◆ Work required ◆
Only lines with the string "Rose" should be returned from the data below.
Start of Records for the exercise
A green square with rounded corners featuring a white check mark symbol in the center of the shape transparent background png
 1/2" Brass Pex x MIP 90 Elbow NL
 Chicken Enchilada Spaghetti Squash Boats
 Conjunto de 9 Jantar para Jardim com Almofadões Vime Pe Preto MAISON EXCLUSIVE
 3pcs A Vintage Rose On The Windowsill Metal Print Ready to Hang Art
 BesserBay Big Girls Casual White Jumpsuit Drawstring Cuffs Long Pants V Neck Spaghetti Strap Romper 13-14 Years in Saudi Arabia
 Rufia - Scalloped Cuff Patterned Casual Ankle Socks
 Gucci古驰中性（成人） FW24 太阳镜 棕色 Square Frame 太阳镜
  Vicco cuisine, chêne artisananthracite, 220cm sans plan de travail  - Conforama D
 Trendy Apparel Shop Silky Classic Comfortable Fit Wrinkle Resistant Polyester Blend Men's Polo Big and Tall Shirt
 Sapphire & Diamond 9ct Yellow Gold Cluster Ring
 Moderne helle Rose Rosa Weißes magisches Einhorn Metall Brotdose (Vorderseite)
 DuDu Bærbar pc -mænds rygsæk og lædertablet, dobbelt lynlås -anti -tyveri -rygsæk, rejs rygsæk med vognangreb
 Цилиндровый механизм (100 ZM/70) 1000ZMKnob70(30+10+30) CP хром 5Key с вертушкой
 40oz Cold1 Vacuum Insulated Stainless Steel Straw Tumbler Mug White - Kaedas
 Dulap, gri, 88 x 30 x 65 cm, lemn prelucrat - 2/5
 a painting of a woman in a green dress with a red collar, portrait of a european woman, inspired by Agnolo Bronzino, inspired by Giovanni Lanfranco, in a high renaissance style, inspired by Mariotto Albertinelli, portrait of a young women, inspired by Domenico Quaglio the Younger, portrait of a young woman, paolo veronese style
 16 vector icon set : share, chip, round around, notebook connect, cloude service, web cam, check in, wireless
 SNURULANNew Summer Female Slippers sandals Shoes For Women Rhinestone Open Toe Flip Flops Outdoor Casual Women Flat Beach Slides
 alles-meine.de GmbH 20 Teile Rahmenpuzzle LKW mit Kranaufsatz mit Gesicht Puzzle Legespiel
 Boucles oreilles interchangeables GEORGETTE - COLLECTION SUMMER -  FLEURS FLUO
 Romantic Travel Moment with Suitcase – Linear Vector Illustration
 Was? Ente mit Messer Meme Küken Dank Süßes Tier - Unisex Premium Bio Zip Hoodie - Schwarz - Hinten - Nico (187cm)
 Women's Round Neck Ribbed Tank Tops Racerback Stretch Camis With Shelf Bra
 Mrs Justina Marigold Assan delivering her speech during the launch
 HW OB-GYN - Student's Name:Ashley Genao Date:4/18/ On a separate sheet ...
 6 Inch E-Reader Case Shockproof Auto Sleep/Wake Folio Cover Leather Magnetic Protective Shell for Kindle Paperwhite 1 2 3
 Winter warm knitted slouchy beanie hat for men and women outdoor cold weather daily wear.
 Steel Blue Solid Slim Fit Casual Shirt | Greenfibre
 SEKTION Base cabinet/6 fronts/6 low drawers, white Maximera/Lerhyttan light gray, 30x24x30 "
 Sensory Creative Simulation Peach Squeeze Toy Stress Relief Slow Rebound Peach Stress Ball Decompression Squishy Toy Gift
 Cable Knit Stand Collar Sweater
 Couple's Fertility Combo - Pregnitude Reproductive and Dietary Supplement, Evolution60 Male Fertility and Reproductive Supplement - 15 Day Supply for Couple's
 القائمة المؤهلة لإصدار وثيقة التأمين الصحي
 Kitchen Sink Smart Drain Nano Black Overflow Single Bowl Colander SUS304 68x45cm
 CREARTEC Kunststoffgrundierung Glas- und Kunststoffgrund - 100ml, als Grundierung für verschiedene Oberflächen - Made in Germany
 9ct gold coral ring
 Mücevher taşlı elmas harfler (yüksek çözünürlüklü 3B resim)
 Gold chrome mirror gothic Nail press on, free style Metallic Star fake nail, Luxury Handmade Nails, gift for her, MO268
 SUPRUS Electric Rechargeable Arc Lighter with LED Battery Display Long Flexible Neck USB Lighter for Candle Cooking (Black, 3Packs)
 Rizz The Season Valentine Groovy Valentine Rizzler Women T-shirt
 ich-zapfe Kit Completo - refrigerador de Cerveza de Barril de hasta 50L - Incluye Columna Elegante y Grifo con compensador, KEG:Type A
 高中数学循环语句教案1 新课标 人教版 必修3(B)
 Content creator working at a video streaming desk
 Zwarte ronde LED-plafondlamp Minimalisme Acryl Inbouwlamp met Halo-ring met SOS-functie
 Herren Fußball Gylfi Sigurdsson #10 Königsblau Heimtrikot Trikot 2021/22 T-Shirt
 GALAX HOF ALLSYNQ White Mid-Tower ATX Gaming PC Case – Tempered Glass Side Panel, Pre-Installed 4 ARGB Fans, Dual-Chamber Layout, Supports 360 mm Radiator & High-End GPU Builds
End of Records for the exercise
◆ Exercise output ◆
 3pcs A Vintage Rose On The Windowsill Metal Print Ready to Hang Art
 Moderne helle Rose Rosa Weißes magisches Einhorn Metall Brotdose (Vorderseite)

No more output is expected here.